Thanks for getting me excited about my tank again Kyle!!! 
Here's a sneak preview of the right side. This was about a month ago.


----------



## itstony (Jan 11, 2009)

love the teaser shot. i bet the whole tanks going to look as great as the right side lol


----------



## monkeyruler90 (Apr 13, 2008)

thats JUST the right side? man, i can't wait till you show the whole thing! update!


----------



## sewingalot (Oct 12, 2008)

Holy - Gorgeous! I want to see more!


----------



## fastfreddie (Sep 10, 2008)

itstony said:


> love the teaser shot. i bet the whole tanks going to look as great as the right side lol





monkeyruler90 said:


> thats JUST the right side? man, i can't wait till you show the whole thing! update!





sewingalot said:


> Holy - Gorgeous! I want to see more!


Thanks guys! Well I'm about to trim tomorrow, so these pics are a little overgrown, but here ya go! Nothing special, but I've haven't put a dollar (or any effort) into this tank in months. 
Thanks again Kyle for digging this back up. I've really lost interest lately with summer rolling around. It's time for some new plants and soggy arms again :icon_smil . 

























The leaves are getting huge on this sword.


----------



## vtkid (Jan 5, 2009)

SOOO GREEEN!! awesome setup, and i like your angel and clown loach


----------



## legomaniac89 (Mar 16, 2008)

vtkid said:


> SOOO GREEEN!! awesome setup, and i like your angel and clown loach


Yeah, what he said. That's some intense green you got going on.


----------



## itstony (Jan 11, 2009)

that tank definetly looks unreal haha..its superrr greeen


----------



## fastfreddie (Sep 10, 2008)

vtkid said:


> SOOO GREEEN!! awesome setup, and i like your angel and clown loach





legomaniac89 said:


> Yeah, what he said. That's some intense green you got going on.





itstony said:


> that tank definetly looks unreal haha..its superrr greeen


Haha, Thanks guys. It is really green. It's in my foyer, and when I pull in the driveway, it looks like the room is glowing in the dark. I know my neighbors wonder what's going on. . 

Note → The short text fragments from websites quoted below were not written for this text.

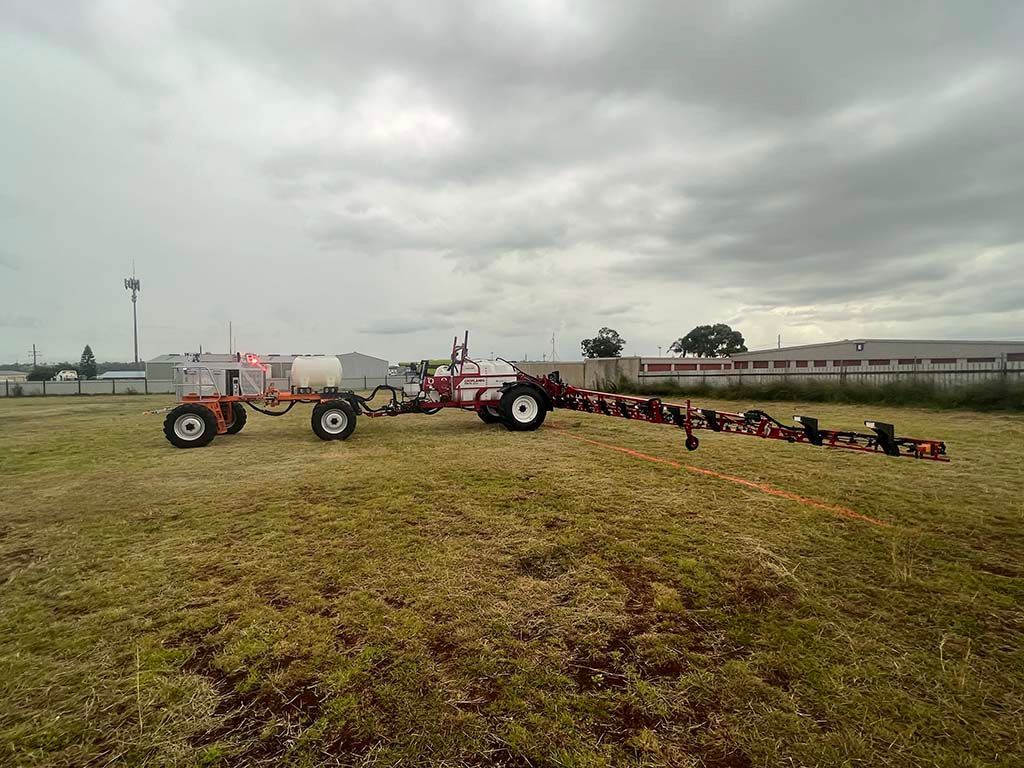 A tractor with a trailer attached to it is parked in a grassy field.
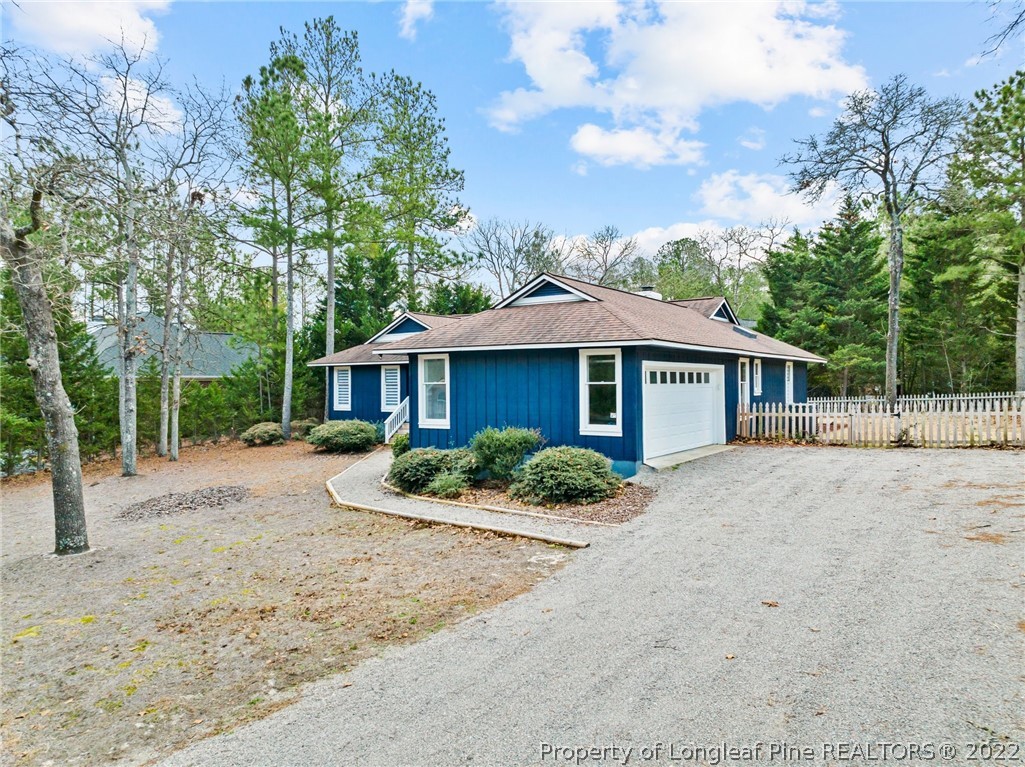 680 Burning Tree Road Pinehurst, NC 28374 - Photo 4 of 43 a front view of a house with a yard and potted plants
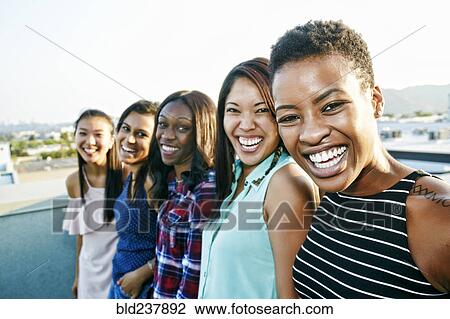 Stock Image - Smiling women standing in a row on rooftop. Fotosearch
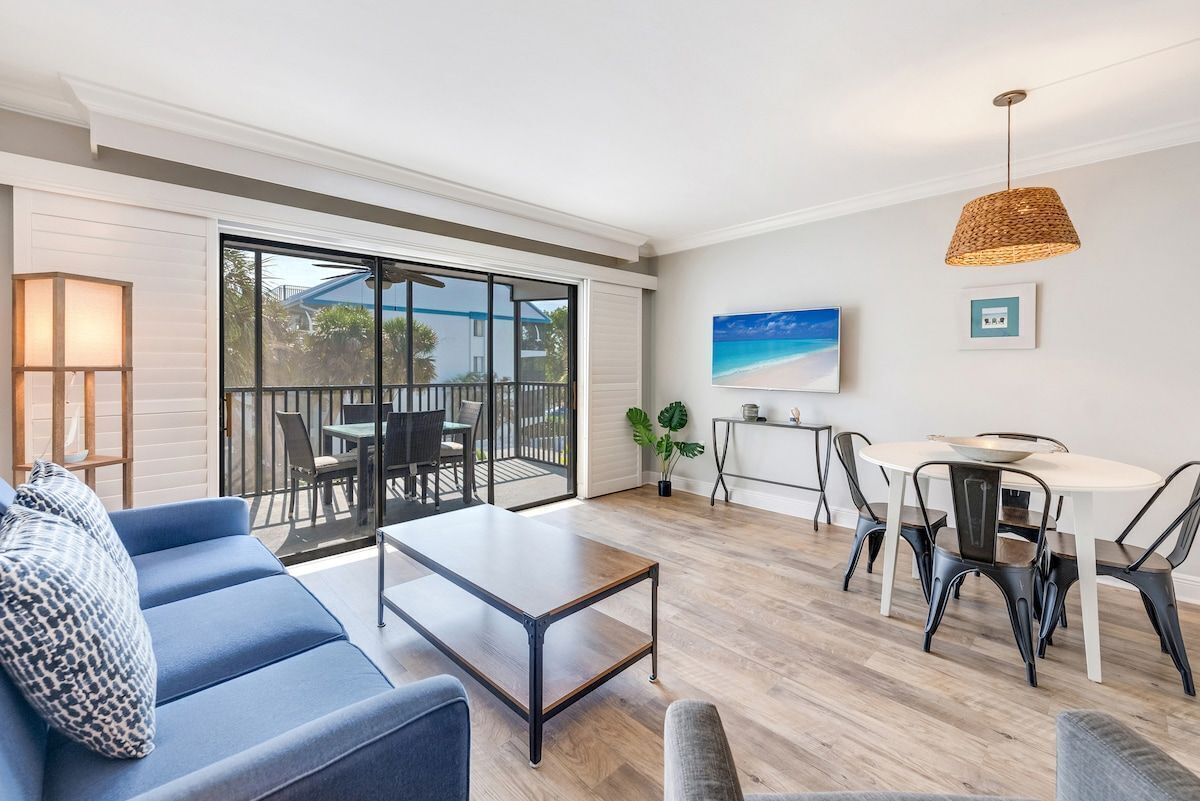 Uma sala de estar moderna com sofá, mesa de centro e área de jantar.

I wish I had more reds and color in there, but its only 2.2 WPG, so I don't really see it getting any more colorful with these plants unless I try some lotus or another plant.

Any suggestions for red color at this level of light... rotala macranda or alternanthera reinecki maybe 

I know there is a way to get the white out of the exposure that will show the leaves better, but I still don't know quite how to do it on my camera. Will work on that more. 

Thanks for the feedback!!!


----------



## hydrophyte (Mar 1, 2009)

fastfreddie said:


> ... This was about a month ago.


that is a great effect the way that all of the plants are the same hue of green. this accentuates the contrasts in texture between them. and of course it also sets up a great contrast with the driftwood and fish.

i can imagine that these plants are all a similar light green color. are they all that monochrome in the real view, or is this effect due in part to your camera?


----------



## fastfreddie (Sep 10, 2008)

hydrophyte said:


> that is a great effect the way that all of the plants are the same hue of green. this accentuates the contrasts in texture between them. and of course it also sets up a great contrast with the driftwood and fish.
> 
> i can imagine that these plants are all a similar light green color. are they all that monochrome in the real view, or is this effect due in part to your camera?


It actually looks just like that (one similar color) in person. Even when I pull out plants and discard or trim, they are all an identical shade, except the underleaves of the L. Repens of course. 

I think if I upped the wattage, I would increase the color variety, but I like the growth rate and maintenance at this level. 

Thanks for the compliment hydrophyte.


----------



## fastfreddie (Sep 10, 2008)

Still looking for red plant suggestions that can grow red under medium light (2.2wpg) and pressurized Co2.

Thanks!


----------



## sewingalot (Oct 12, 2008)

I had great success with Rotala Magenta Narrow Leaf, Polygonum sp. Kawagoeanum and Ludwigia Arcuata. This was under 2.18 compact flourescent lighting and diy co2. I love the scheme. It is simply beautiful!


----------



## fastfreddie (Sep 10, 2008)

sewingalot said:


> I had great success with Rotala Magenta Narrow Leaf, Polygonum sp. Kawagoeanum and Ludwigia Arcuata. This was under 2.18 compact flourescent lighting and diy co2. I love the scheme. It is simply beautiful!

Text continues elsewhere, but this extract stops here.